Les nouveaux médias. Organisés au niveau des immeubles, ils favoriseront la communication entre voisins pour des repas sympas, des promenades en famille et de petits matchs qui mériteront enfin leur qualification de « rencontres à domicile ». Les locataires assureront les articles et les photos. La publication, toujours financée par la municipalité, s’interdira de publier la moindre photo du maire afin de lutter contre la surcharge iconographique, de règle jusqu’à présent.

La nouvelle radio. Elle diffusera à partir de tous les logements des programmes familiaux où les chants d’enfants alterneront avec les informations de l’immeuble.

La nouvelle télé. Installée dans les grands appartements en plus de la radio et du télétravail, elle permettra de voir vivre ses contemporains en temps réel, du lever au coucher. Les fabricants des produits alimentaires posés sur le plan de travail de la cuisine offriront un complément de ressources aux foyers dans le besoin.

La nouvelle chanson. Un seul mot, une seule note mais scandés pendant trois minutes par des retraités du BTP ayant conservé leur marteau-piqueur.

Le nouveau cinéma. Laissé trop longtemps à la diligence des cinéastes, il sera produit, conçu, interprété, dialogué et tourné par tous les amateurs que ça amuse ou passionne. Un symposium du court-métrage familial s’insérera chaque année dans le Festival de Cannes où la violence sera remplacée par des caresses et des embrassades bénéficiant du label non pornographique.

Le nouveau théâtre. Chaque immeuble de plus de vingt locataires devra posséder sa salle, sa troupe et son répertoire. Un spectacle ne sera retiré de l’affiche que lorsqu’il aura été vu par tous les habitants du quartier.

Le nouveau roman. Afin de réduire les frais et d’encourager les jeunes talents, il se présentera sous la forme de cahiers d’écolier dans lesquels on contera sa vie quotidienne, ses amours et ses fantasmes. Un jury présidé par Marc Levy décernera un prix au scripteur qui aura réussi à tartiner 275 pages sans aucun intérêt.

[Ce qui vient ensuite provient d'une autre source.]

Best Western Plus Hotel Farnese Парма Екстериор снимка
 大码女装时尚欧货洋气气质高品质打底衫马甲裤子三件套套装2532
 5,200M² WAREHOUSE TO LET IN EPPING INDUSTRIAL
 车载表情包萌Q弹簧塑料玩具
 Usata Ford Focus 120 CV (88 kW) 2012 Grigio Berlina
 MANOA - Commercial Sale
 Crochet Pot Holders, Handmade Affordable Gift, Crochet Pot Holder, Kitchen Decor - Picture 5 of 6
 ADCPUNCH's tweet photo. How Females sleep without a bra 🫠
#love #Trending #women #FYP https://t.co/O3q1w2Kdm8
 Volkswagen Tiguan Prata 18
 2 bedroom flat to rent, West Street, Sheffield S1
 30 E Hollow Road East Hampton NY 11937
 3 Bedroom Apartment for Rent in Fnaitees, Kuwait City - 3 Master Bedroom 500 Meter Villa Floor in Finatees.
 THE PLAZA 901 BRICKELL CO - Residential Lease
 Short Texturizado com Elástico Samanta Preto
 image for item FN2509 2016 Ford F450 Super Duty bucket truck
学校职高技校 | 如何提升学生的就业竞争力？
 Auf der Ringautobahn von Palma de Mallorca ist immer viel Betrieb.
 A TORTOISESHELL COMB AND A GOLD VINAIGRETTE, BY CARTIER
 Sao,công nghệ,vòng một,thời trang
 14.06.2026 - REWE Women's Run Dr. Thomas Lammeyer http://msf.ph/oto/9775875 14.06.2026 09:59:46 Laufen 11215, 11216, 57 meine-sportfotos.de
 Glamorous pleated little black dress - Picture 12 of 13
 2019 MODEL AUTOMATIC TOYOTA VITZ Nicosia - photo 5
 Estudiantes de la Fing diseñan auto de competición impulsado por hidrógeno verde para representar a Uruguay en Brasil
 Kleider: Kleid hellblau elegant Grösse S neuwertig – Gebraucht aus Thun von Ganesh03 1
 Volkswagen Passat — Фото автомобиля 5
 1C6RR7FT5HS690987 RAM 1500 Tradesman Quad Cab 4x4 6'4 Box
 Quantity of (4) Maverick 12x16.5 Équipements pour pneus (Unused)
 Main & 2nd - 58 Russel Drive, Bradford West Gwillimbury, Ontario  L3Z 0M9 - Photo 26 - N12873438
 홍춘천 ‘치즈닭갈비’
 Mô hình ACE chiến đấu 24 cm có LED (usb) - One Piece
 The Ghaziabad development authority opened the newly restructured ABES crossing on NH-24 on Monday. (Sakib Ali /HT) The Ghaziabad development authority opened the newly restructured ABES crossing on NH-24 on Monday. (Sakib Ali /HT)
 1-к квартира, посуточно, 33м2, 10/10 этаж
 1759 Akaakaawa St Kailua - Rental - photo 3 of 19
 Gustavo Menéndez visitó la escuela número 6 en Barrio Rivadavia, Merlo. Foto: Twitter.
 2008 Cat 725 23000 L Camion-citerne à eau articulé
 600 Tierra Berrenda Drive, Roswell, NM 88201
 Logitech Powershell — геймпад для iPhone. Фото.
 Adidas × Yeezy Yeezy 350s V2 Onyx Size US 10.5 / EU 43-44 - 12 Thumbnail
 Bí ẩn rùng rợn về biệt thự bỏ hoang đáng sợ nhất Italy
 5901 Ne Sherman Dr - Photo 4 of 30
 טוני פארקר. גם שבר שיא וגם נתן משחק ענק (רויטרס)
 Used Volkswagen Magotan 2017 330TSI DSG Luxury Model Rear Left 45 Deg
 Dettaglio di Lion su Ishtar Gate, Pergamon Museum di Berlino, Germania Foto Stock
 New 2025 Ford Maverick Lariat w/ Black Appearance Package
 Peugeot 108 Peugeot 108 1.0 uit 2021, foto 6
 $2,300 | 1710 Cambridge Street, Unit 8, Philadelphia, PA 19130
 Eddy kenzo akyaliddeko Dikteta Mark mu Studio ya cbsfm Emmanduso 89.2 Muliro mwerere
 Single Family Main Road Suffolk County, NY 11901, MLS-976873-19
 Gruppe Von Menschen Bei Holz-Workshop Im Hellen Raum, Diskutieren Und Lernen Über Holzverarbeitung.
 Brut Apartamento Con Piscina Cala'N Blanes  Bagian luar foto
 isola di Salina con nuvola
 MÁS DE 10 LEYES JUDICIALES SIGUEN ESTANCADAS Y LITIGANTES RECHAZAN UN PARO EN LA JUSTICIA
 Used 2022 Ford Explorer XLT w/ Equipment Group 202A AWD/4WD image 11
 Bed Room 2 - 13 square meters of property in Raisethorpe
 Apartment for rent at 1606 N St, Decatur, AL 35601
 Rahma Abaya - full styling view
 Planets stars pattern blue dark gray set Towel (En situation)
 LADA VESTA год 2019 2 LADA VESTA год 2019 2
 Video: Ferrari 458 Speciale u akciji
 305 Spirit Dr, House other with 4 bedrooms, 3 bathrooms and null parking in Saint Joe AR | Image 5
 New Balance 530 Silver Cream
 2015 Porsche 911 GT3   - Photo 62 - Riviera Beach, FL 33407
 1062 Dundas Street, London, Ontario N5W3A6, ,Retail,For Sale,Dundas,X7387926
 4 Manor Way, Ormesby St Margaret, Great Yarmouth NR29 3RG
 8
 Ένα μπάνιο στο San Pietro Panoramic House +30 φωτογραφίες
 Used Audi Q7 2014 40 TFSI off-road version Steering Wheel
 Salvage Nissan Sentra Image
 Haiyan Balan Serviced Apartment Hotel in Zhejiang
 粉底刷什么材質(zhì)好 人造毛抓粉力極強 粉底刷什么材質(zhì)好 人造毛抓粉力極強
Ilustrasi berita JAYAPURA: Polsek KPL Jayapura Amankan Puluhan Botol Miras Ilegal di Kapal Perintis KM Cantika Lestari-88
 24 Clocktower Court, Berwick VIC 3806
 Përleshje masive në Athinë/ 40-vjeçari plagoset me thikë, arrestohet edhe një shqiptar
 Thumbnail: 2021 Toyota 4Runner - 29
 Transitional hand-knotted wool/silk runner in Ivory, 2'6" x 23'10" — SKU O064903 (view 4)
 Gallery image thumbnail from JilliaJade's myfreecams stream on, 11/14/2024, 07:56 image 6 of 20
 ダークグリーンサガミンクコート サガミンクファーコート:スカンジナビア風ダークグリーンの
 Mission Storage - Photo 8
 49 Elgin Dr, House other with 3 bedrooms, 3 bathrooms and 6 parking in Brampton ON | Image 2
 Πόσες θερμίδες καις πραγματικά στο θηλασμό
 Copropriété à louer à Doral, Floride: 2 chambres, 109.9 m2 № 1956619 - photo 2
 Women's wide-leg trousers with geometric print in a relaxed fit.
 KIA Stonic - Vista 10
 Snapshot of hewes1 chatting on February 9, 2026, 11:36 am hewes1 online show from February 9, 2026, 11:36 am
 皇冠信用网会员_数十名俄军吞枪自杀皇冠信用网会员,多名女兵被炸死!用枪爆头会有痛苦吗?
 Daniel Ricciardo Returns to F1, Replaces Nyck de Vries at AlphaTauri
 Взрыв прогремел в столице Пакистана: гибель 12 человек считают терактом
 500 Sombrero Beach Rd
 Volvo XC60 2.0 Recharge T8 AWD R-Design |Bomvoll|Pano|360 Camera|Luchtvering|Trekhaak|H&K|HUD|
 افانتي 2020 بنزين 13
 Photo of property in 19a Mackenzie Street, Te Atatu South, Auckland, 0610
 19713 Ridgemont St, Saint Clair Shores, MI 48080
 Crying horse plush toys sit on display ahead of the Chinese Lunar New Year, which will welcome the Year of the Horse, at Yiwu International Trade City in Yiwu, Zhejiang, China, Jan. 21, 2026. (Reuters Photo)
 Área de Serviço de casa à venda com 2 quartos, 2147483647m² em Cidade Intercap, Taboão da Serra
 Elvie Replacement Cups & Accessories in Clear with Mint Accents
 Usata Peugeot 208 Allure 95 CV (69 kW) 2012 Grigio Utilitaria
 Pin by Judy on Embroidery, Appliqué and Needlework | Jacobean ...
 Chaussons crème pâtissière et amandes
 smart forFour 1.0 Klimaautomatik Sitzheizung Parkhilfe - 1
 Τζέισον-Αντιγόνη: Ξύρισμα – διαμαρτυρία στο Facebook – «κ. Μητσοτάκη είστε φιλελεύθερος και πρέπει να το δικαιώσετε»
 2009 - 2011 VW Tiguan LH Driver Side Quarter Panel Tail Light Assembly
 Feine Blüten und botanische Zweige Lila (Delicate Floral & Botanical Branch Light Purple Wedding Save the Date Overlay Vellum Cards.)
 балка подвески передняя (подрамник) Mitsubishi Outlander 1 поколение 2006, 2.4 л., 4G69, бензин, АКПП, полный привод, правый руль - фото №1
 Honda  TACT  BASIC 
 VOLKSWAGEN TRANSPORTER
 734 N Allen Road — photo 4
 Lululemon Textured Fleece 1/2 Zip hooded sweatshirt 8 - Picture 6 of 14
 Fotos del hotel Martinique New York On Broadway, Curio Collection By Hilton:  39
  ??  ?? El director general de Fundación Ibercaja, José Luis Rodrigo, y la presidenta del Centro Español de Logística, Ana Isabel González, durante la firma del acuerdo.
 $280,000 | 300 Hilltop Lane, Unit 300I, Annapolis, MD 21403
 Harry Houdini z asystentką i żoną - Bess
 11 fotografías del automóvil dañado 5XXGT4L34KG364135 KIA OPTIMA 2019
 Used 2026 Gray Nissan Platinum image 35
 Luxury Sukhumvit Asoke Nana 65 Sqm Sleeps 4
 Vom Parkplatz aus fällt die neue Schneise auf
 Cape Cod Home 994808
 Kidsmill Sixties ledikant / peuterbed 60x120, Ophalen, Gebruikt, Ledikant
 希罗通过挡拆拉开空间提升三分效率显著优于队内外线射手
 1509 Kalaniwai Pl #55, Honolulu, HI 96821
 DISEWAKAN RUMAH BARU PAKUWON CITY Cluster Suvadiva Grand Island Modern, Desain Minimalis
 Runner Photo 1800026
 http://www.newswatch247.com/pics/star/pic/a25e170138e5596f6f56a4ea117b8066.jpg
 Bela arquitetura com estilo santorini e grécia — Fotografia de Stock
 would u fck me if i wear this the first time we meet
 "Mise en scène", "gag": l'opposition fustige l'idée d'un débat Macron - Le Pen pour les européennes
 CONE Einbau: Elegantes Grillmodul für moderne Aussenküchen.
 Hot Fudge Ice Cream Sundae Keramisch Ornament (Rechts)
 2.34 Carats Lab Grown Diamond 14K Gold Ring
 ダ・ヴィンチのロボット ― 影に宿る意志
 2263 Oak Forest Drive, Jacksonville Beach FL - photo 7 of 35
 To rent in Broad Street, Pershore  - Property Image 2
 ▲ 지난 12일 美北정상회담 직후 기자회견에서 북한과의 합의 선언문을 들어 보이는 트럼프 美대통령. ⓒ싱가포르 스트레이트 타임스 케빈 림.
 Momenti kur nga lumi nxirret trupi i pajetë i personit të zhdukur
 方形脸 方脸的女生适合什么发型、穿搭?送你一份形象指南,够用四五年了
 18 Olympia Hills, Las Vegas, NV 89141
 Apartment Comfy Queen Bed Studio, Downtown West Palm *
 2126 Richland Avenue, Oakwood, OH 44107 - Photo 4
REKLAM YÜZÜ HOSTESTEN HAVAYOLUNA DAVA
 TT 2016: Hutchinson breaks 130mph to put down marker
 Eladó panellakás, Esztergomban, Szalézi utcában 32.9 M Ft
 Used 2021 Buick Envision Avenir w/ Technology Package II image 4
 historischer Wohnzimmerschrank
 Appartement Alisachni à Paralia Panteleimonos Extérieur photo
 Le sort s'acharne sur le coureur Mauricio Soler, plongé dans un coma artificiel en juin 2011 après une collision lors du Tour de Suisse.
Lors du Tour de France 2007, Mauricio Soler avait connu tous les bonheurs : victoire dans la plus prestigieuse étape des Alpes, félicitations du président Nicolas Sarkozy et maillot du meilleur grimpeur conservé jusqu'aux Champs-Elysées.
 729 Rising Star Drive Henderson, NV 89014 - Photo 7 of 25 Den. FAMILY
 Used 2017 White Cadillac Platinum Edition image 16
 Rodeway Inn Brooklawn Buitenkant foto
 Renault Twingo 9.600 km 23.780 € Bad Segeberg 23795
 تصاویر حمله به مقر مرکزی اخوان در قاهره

La nouvelle drague. Abrogeant la législation sanctionnant le harcèlement de rue qui mettait tant d’entrain sympathique sur la voie publique, elle autorisera les esseulés en quête d’âme sœur à engager la conversation avec toutes les femmes à condition qu’elles soient jeunes et jolies. Le dragueur sera tenu d’offrir à sa future conquête un petit café au bout d’une demi-heure, une séance de cinéma le deuxième jour, un dîner le troisième et un week-end au bord de la mer. S’il produit un certificat d’impécuniosité, c’est la femme qui paiera.